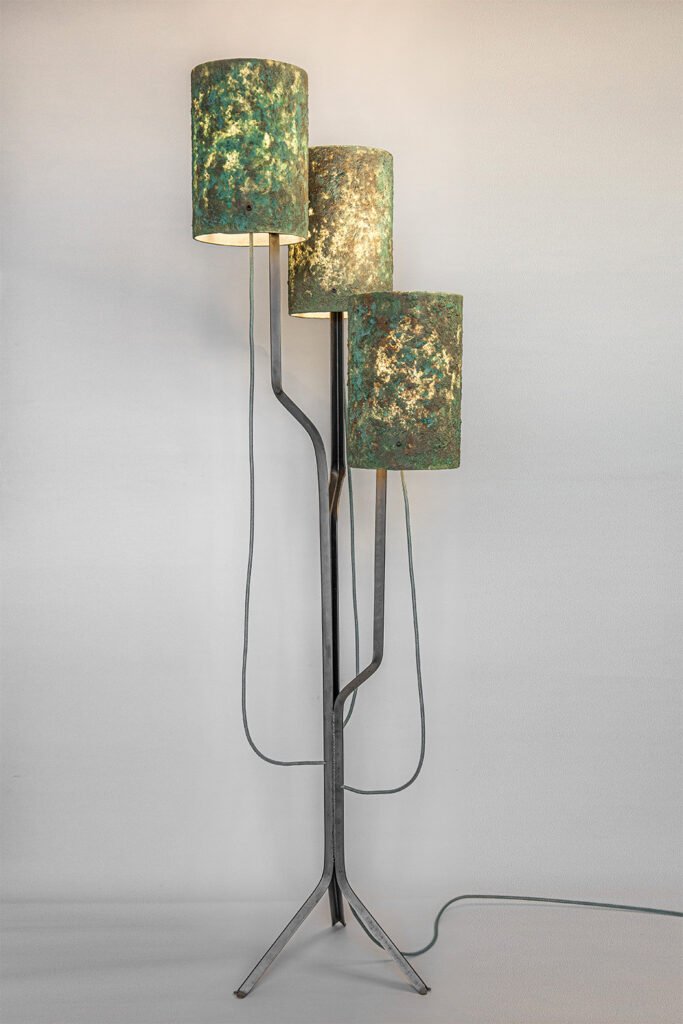 Modern floor lamp with three patina-textured cylindrical shades emitting warm, diffused light. Shades at varied heights on black angular frame with tripod base. Visible cords on a neutral wall.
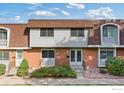 Attractive brick townhouse featuring a double-door entry and landscaping at 12974 W Virginia Ave, Lakewood, CO 80228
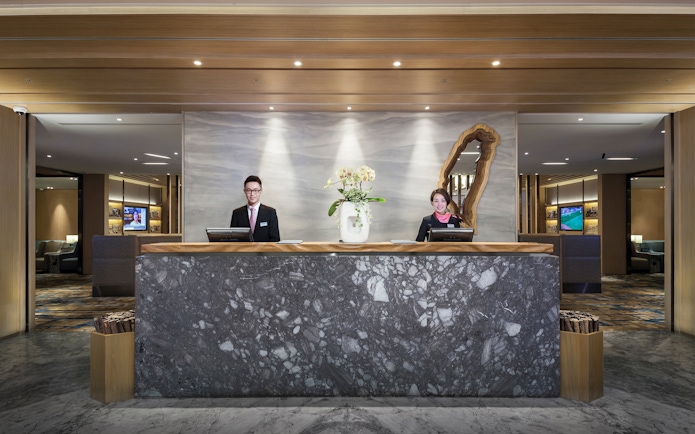 Reception desk at Plaza Premium Lounge, Zone D, Taipei, Taiwan with staff ready to assist.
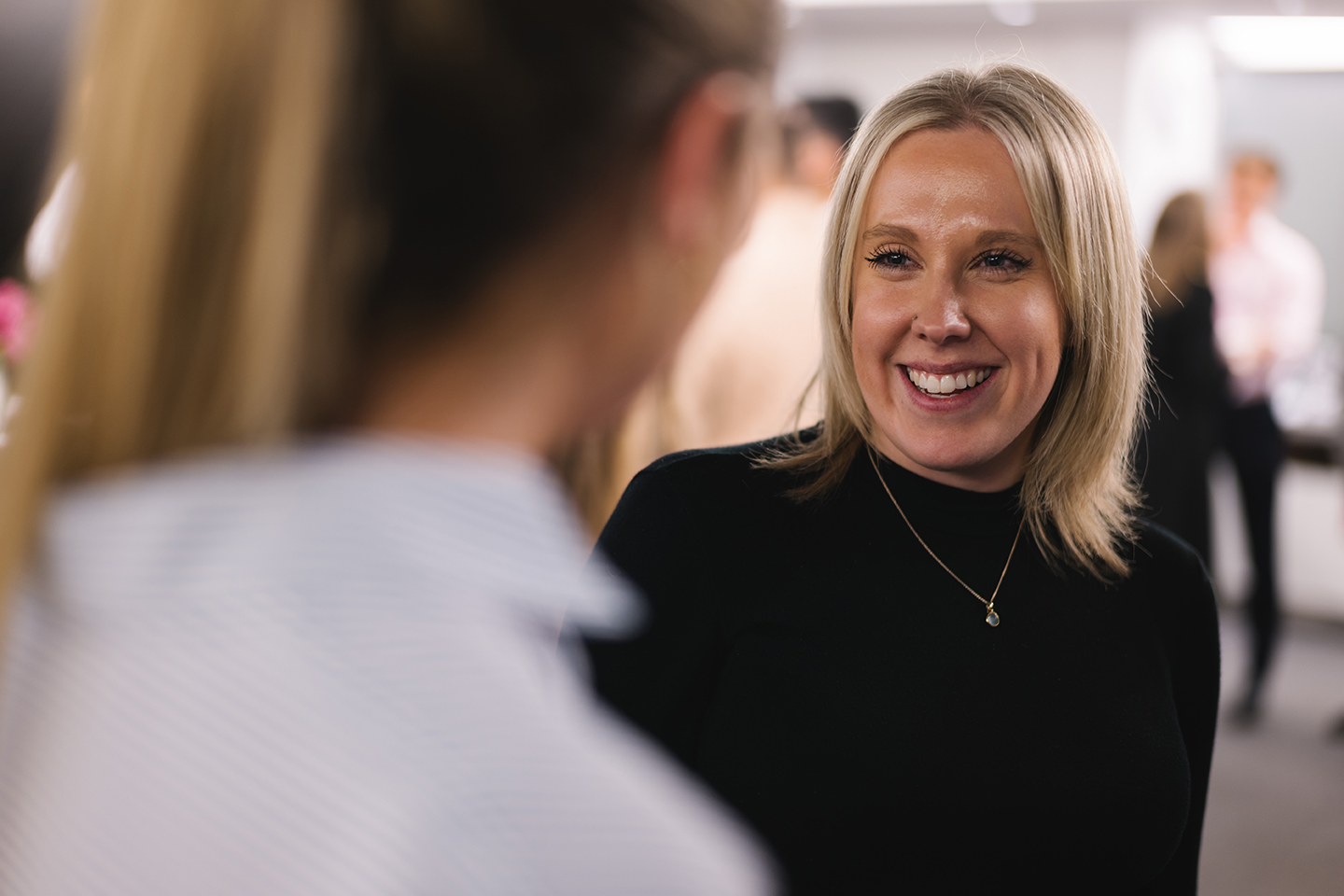 a woman smiling at another woman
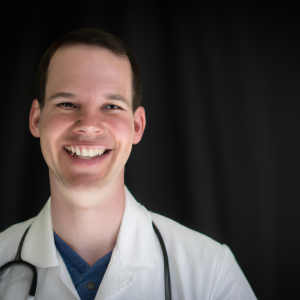 a professional and visually appealing image of a young happy smiling caucasian doctor with white teeth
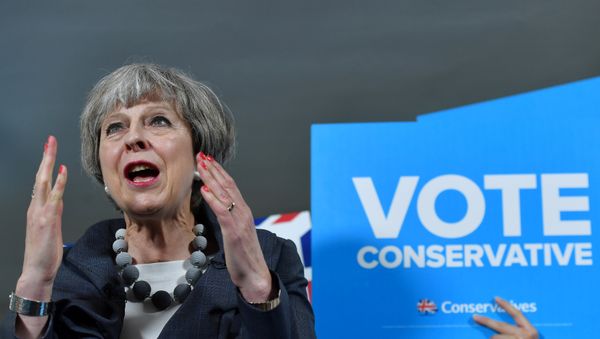 Britain's Prime Minister Theresa May delivers a speech during an election campaign visit to Langton Rugby Club in Stoke-on-Trent, June 6, 2017. Britain's Prime Minister Theresa May delivers a speech during an election campaign visit to Langton Rugby Club in Stoke-on-Trent, June 6, 2017. - Sputnik International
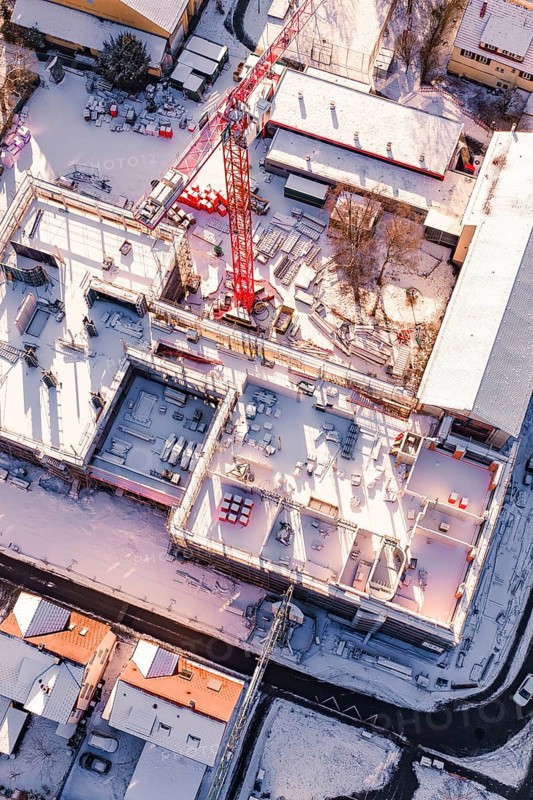 Detailed view of a snowy construction site with visible building materials, Zellerschule new building, Nagold, Black Forest, Germany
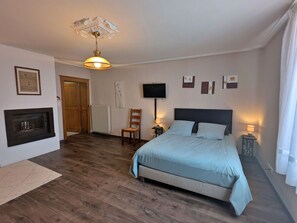 A bedroom with a bed, a chair, a television, and a fireplace. - Charming Cottage Near Abbey, Perfect for History Lovers & Nature Enthusiasts - Sleeps 5 (Étival-Clairefontaine)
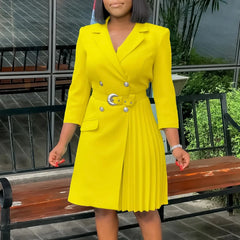 A bright yellow double-breasted blazer dress with a notched collar, belt, and pleated side panel.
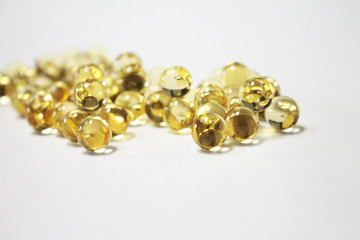  Transparent capsules of yellow color on a white background.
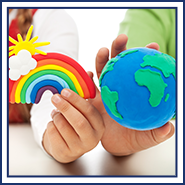 Children's hands hold clay rainbow and globe figures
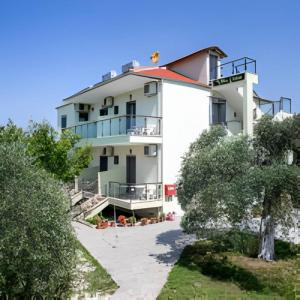 a large white building with trees in front of it at Villa Elista in Astris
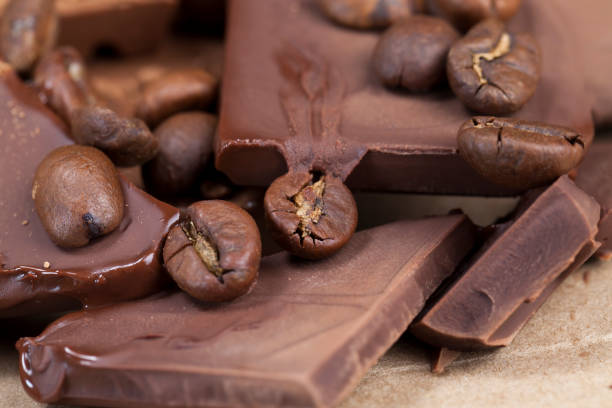 istock chocolate bar with cocoa powder topping and coffee beans 1310743535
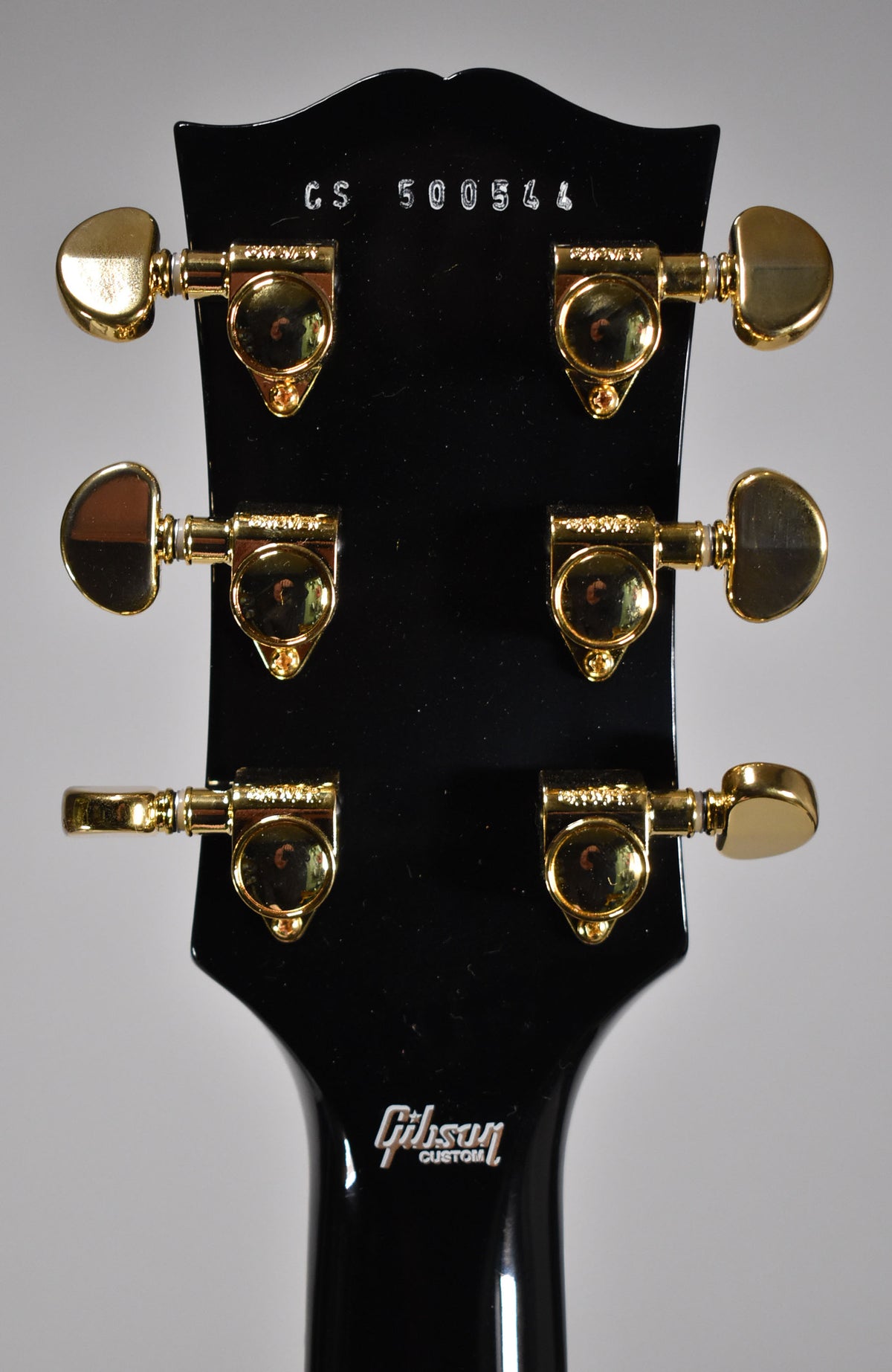 The back of a glossy black headstock with six gold tuning machines, three on each side, and a white Gibson Custom logo.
··········
▸ **Assigned task**
Pictures excluded, set down all the entries exactly.

▸ **Answer box**
 Modern floor lamp with three patina-textured cylindrical shades emitting warm, diffused light. Shades at varied heights on black angular frame with tripod base. Visible cords on a neutral wall.
 Attractive brick townhouse featuring a double-door entry and landscaping at 12974 W Virginia Ave, Lakewood, CO 80228
 Reception desk at Plaza Premium Lounge, Zone D, Taipei, Taiwan with staff ready to assist.
 a woman smiling at another woman
 a professional and visually appealing image of a young happy smiling caucasian doctor with white teeth
 Britain's Prime Minister Theresa May delivers a speech during an election campaign visit to Langton Rugby Club in Stoke-on-Trent, June 6, 2017. Britain's Prime Minister Theresa May delivers a speech during an election campaign visit to Langton Rugby Club in Stoke-on-Trent, June 6, 2017. - Sputnik International
 Detailed view of a snowy construction site with visible building materials, Zellerschule new building, Nagold, Black Forest, Germany
 A bedroom with a bed, a chair, a television, and a fireplace. - Charming Cottage Near Abbey, Perfect for History Lovers & Nature Enthusiasts - Sleeps 5 (Étival-Clairefontaine)
 A bright yellow double-breasted blazer dress with a notched collar, belt, and pleated side panel.
  Transparent capsules of yellow color on a white background.
 Children's hands hold clay rainbow and globe figures
 a large white building with trees in front of it at Villa Elista in Astris
 istock chocolate bar with cocoa powder topping and coffee beans 1310743535
 The back of a glossy black headstock with six gold tuning machines, three on each side, and a white Gibson Custom logo.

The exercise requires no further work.